:: Source information ::

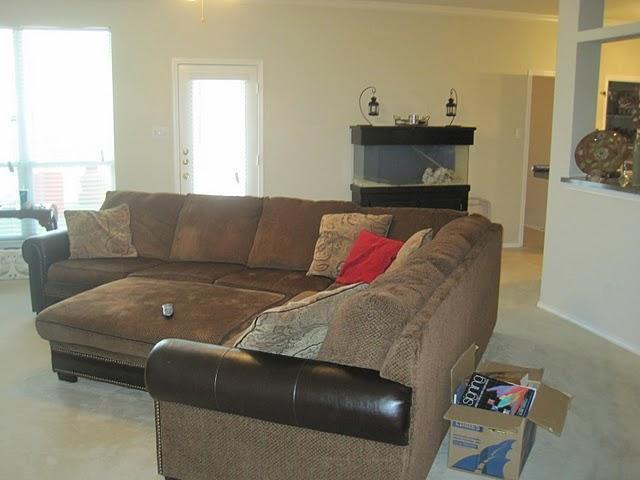 Building Photo - Spacious 4-bedroom, 2-bath single-story corner-lot home with open kitchen, two living areas, and ...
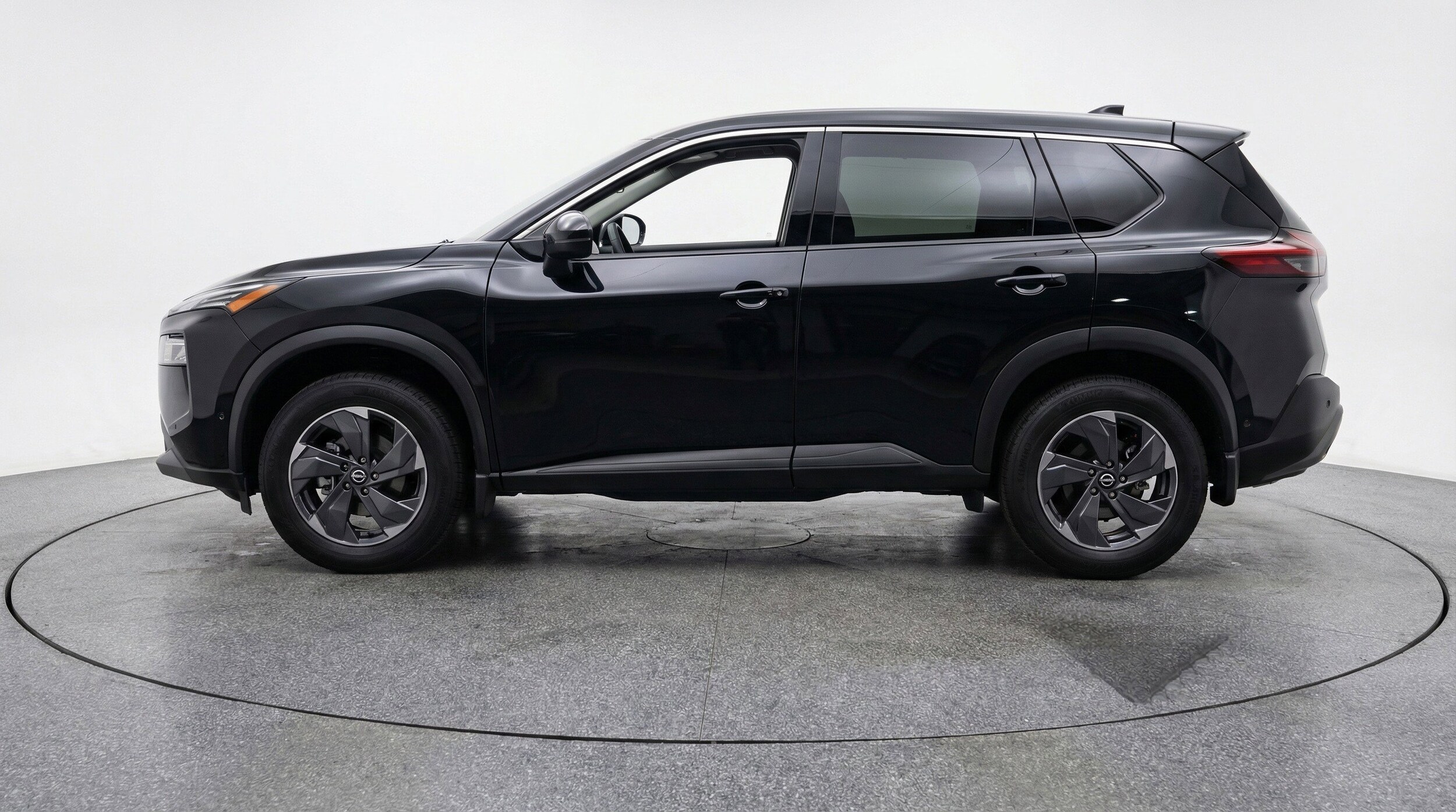 Thumbnail: 2025 Nissan Rogue - 5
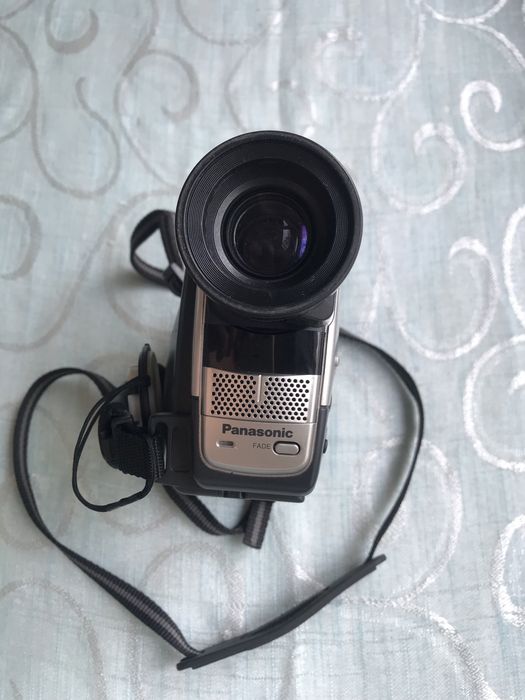 Відеокамера Panasonic NV-RS7 S-VHS-C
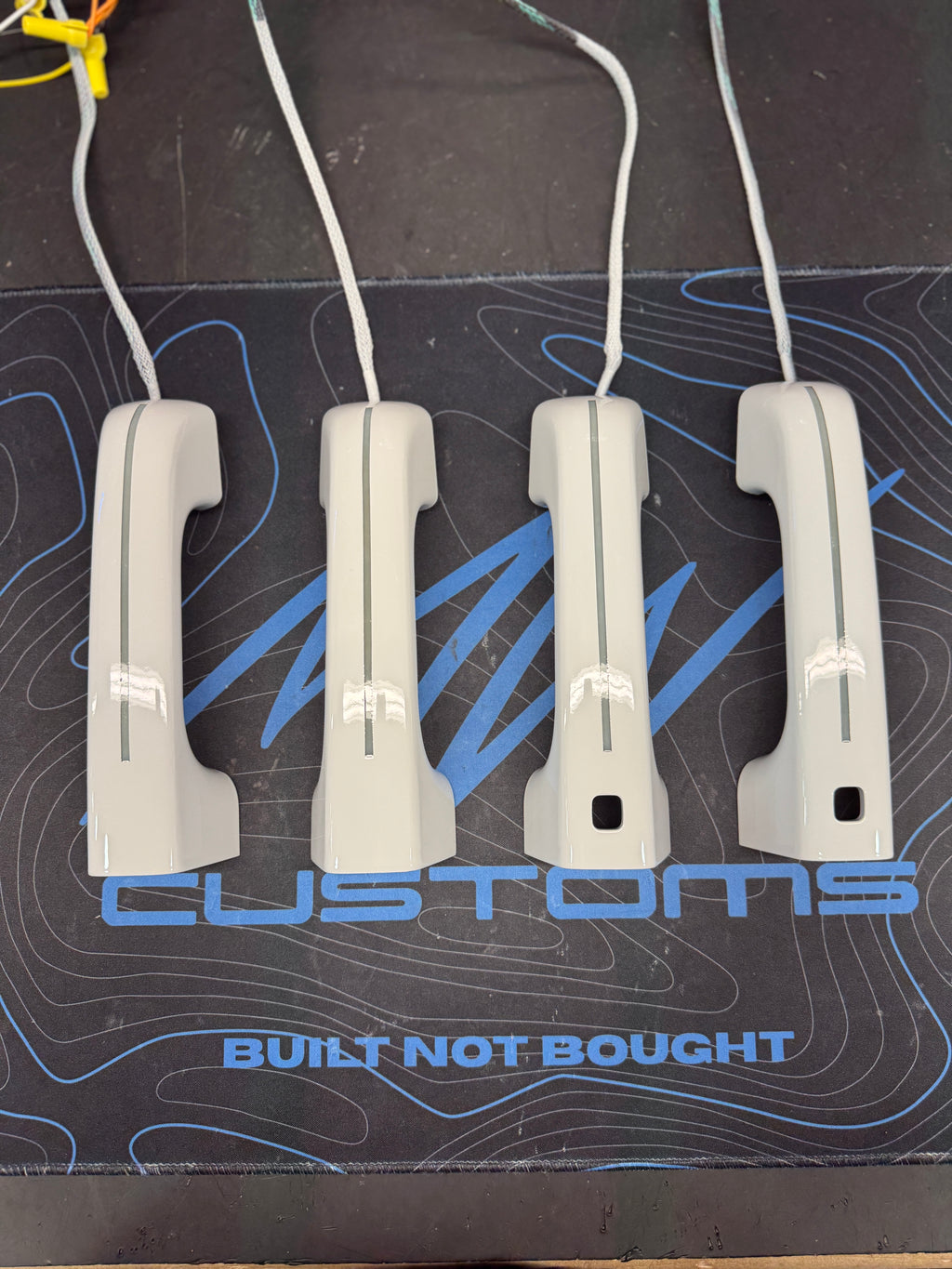 2019+ DODGE RAM SPORT LED DOOR HANDLES *SEQUENTIAL SWITCHBACK* *PAINTED: PW7* *HAS PASSIVE ENTRY CUTOUTS*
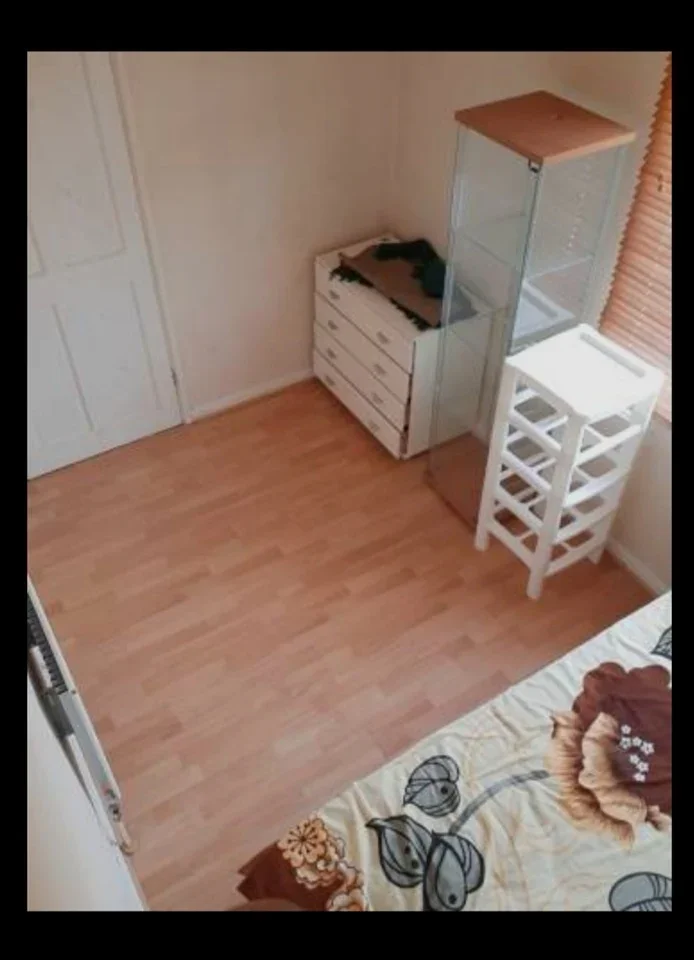 Room Randlesdown Road in Greater London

:::

▶ [Work to be completed]
A word-for-word copy of the records is needed, one that contains no pictures.

▶ [Response area]
 Building Photo - Spacious 4-bedroom, 2-bath single-story corner-lot home with open kitchen, two living areas, and ...
 Thumbnail: 2025 Nissan Rogue - 5
 Відеокамера Panasonic NV-RS7 S-VHS-C
 2019+ DODGE RAM SPORT LED DOOR HANDLES *SEQUENTIAL SWITCHBACK* *PAINTED: PW7* *HAS PASSIVE ENTRY CUTOUTS*
 Room Randlesdown Road in Greater London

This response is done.